*Goal of the exercise*
Could you retype exactly the lines below between the one holding "اے پی: کورونا" and the one holding "Preciosa Máquina de", inclusive, leaving out any pictures?

*Exercise material*
=== Section Start ===
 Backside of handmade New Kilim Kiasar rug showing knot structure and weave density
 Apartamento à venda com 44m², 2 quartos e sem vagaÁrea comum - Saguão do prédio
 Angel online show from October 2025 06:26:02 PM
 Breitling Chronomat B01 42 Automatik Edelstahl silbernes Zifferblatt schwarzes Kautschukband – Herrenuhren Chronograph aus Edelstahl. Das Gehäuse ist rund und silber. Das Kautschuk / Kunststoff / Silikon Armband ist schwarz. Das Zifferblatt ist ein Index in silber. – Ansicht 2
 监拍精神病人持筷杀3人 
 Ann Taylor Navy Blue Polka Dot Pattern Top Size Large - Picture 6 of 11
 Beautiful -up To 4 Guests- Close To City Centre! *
=== Section End ===
=== Section Start ===
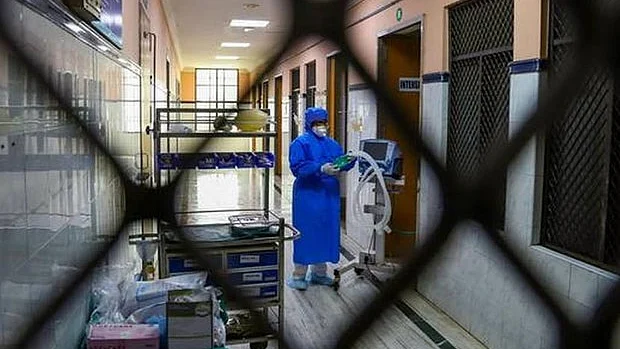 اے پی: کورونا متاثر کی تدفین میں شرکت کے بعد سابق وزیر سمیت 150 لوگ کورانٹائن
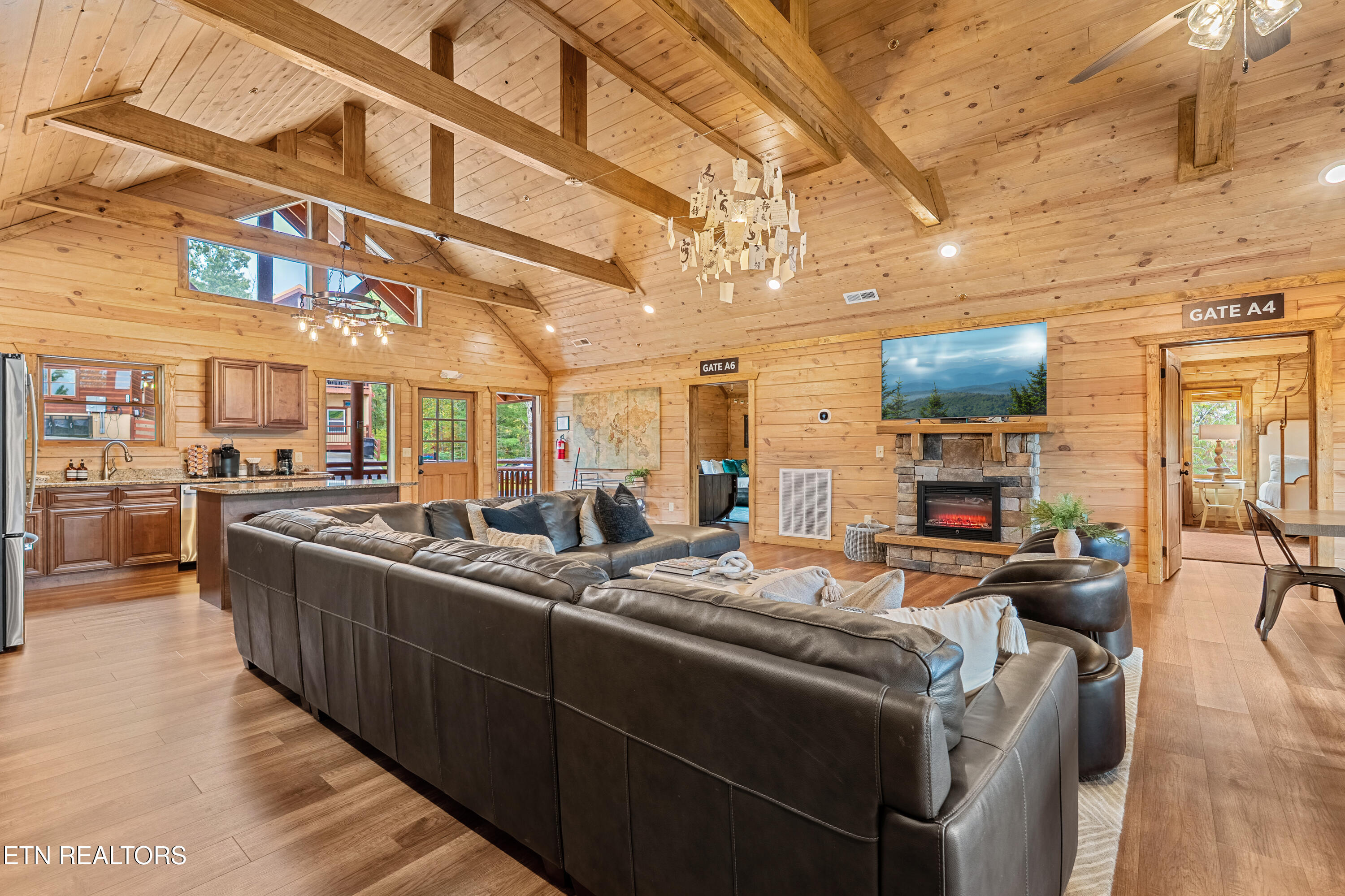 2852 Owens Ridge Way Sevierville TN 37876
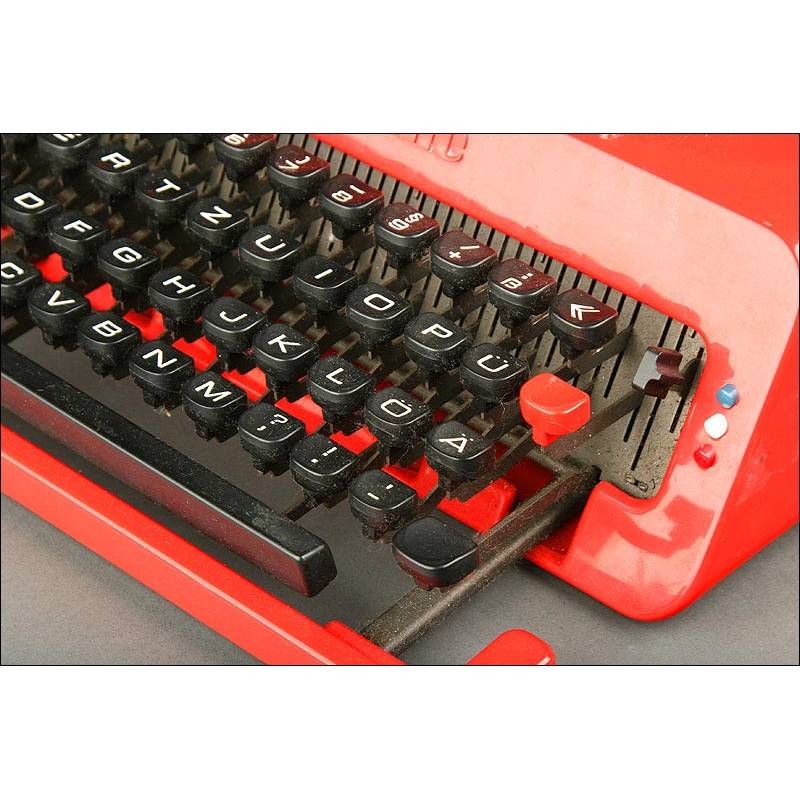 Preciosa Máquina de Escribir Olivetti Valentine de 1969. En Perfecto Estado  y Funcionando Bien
=== Section End ===
=== Section Start ===
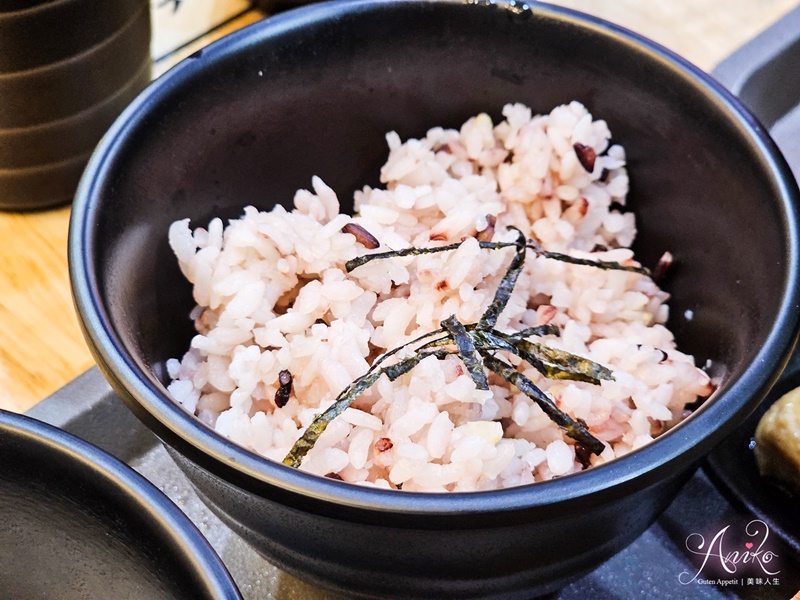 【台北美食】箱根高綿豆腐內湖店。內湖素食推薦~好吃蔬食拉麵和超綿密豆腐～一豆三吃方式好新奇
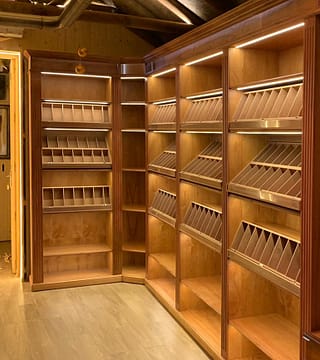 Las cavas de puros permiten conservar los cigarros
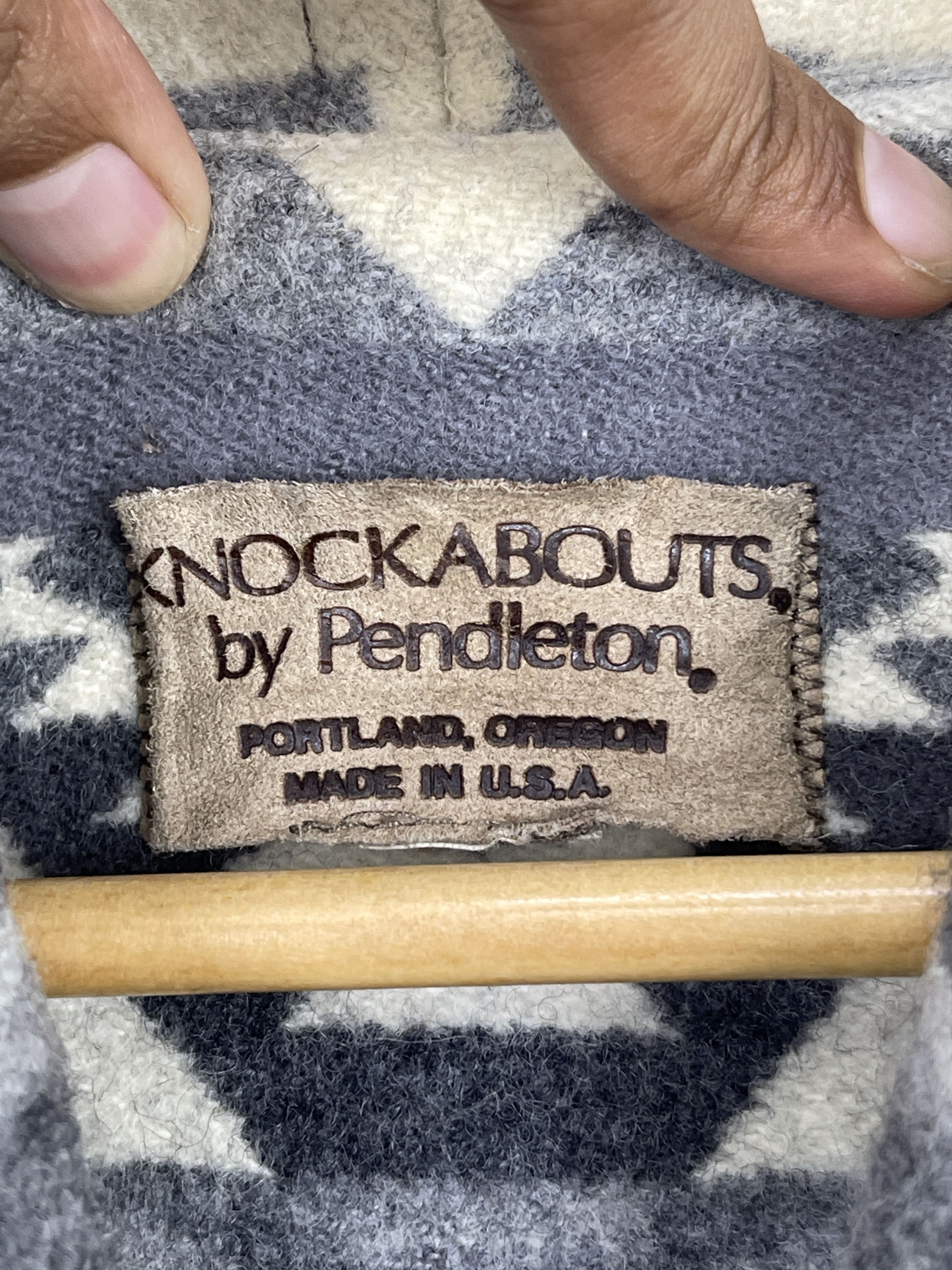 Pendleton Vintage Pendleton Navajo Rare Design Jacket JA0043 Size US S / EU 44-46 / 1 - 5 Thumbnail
=== Section End ===
*Solution for this task*
 اے پی: کورونا متاثر کی تدفین میں شرکت کے بعد سابق وزیر سمیت 150 لوگ کورانٹائن
 2852 Owens Ridge Way Sevierville TN 37876
 Preciosa Máquina de Escribir Olivetti Valentine de 1969. En Perfecto Estado  y Funcionando Bien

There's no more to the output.